Let $\mu_n$ be sequence of probability measures on a polish space $S$ such that for any bounded and continuous $f:S \to \Bbb R$ we have $$\int fd\mu_n \to \int fd\mu$$
Then I have seen in some place claiming the following: $$\int h(x_n,y)\mu_n(dy) \to \int h(x,y)\mu(dy)$$
for $h:\Bbb R \times S \to \Bbb R$ and bounded, continuous with $x_n \to x$.
It looks like convergence in product topology is used, I am not much aware of such things
By Prokhorov's Theorem (http://en.wikipedia.org/wiki/Prokhorov%27s_theorem), the sequence $(\mu_n)_n$ is (uniformly) tight, i.e. for every $\varepsilon > 0$, there is a compact set $K_\varepsilon \subset S$ such that $\mu_n ( S\setminus K_\varepsilon) < \varepsilon$ for all $n \in \Bbb{N}$.
Now use that the set $L := \{x_n \mid n \in \Bbb{N}\} \cup \{x\}$ is also compact, so that $L \times K_\varepsilon$ is compact.
We can now use that continuous functions on compact sets are uniformly continuous.
Together with the boundedness of $h$, which ensures that
$$ \bigg| \int_{S \setminus K_\varepsilon} h(x_n, y) \, d\mu_n(y)\bigg| \leq C \cdot \mu_n (S \setminus K_\varepsilon) \leq C \cdot \varepsilon, $$ this should allow you to conclude the proof.

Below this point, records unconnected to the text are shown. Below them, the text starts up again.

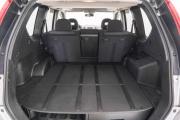 Nissan X-Trail II Красноярск  - изображение 42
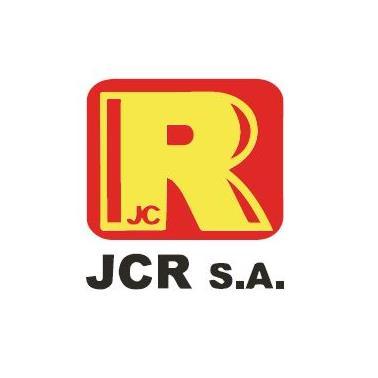 JCR JCR S.A.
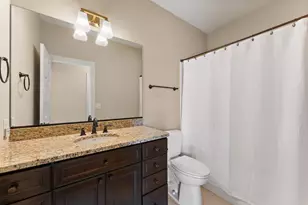 14664 Sheffield Ave, Cedar Lake, IN 46303 - Photo 29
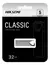 PEN DRIVE 32GB - CLASSIC USB 3.0 HIKSEMI - comprar online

EDIT: Putting all pieces together, we arrive at
\begin{eqnarray*} & & \left|\int h\left(x_{n},y\right)\,{\rm d}\mu_{n}\left(y\right)-\int h\left(x,y\right)\,{\rm d}\mu\left(y\right)\right|\\ & \leq & \left|\int_{S\setminus K_{\varepsilon}}h\left(x_{n},y\right)\,{\rm d}\mu_{n}\left(y\right)\right|+\left|\int_{K_{\varepsilon}}h\left(x_{n},y\right)-h\left(x,y\right)\,{\rm d}\mu_{n}\left(y\right)\right|+\left|\int_{K_{\varepsilon}}h\left(x,y\right)\,{\rm d}\mu_{n}\left(y\right)-\int_{S}h\left(x,y\right)\,{\rm d}\mu_{n}\left(y\right)\right|+\left|\int_{S}h\left(x,y\right)\,{\rm d}\mu_{n}\left(y\right)-\int_{S}h\left(x,y\right)\,{\rm d}\mu\left(y\right)\right|\\ & \leq & C\cdot\varepsilon+\sup_{y\in K_{\varepsilon}}\left|h\left(x_{n},y\right)-h\left(x,y\right)\right|+\left|\int_{S\setminus K_{\varepsilon}}h\left(x,y\right)\,{\rm d}\mu_{n}\left(y\right)\right|+\left|\int_{S}h\left(x,y\right)\,{\rm d}\mu_{n}\left(y\right)-\int_{S}h\left(x,y\right)\,{\rm d}\mu\left(y\right)\right|\\ & \leq & 2C\cdot\varepsilon+\sup_{y\in K_{\varepsilon}}\left|h\left(x_{n},y\right)-h\left(x,y\right)\right|+\left|\int_{S}h\left(x,y\right)\,{\rm d}\mu_{n}\left(y\right)-\int_{S}h\left(x,y\right)\,{\rm d}\mu\left(y\right)\right|\\ & \xrightarrow[n\to\infty]{} & 2C\cdot\varepsilon, \end{eqnarray*} where the last step used the uniform continuity of $h$ on $L\times K_\varepsilon$ and the assumption on the convergence $\mu_n \to \mu$ (in the sense of your assumption). As $\varepsilon > 0$ was arbitrary, this establishes the claim.